Work instructions -
Please return, word for word, the line containing "Motorcycle ATV Brake" and each line after it through the end of the data below, and nothing else.

Material provided -

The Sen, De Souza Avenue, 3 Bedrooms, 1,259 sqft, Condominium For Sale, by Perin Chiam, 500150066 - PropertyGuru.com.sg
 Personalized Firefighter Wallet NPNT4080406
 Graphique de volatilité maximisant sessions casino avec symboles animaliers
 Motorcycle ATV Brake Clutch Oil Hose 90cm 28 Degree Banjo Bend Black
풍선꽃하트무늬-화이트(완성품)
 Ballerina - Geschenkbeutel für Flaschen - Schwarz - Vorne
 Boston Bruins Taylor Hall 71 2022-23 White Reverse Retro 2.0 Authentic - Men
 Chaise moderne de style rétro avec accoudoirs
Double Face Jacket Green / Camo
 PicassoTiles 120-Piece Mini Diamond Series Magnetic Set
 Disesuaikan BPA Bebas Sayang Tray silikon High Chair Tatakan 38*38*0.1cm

Expected answer -
 Motorcycle ATV Brake Clutch Oil Hose 90cm 28 Degree Banjo Bend Black
풍선꽃하트무늬-화이트(완성품)
 Ballerina - Geschenkbeutel für Flaschen - Schwarz - Vorne
 Boston Bruins Taylor Hall 71 2022-23 White Reverse Retro 2.0 Authentic - Men
 Chaise moderne de style rétro avec accoudoirs
Double Face Jacket Green / Camo
 PicassoTiles 120-Piece Mini Diamond Series Magnetic Set
 Disesuaikan BPA Bebas Sayang Tray silikon High Chair Tatakan 38*38*0.1cm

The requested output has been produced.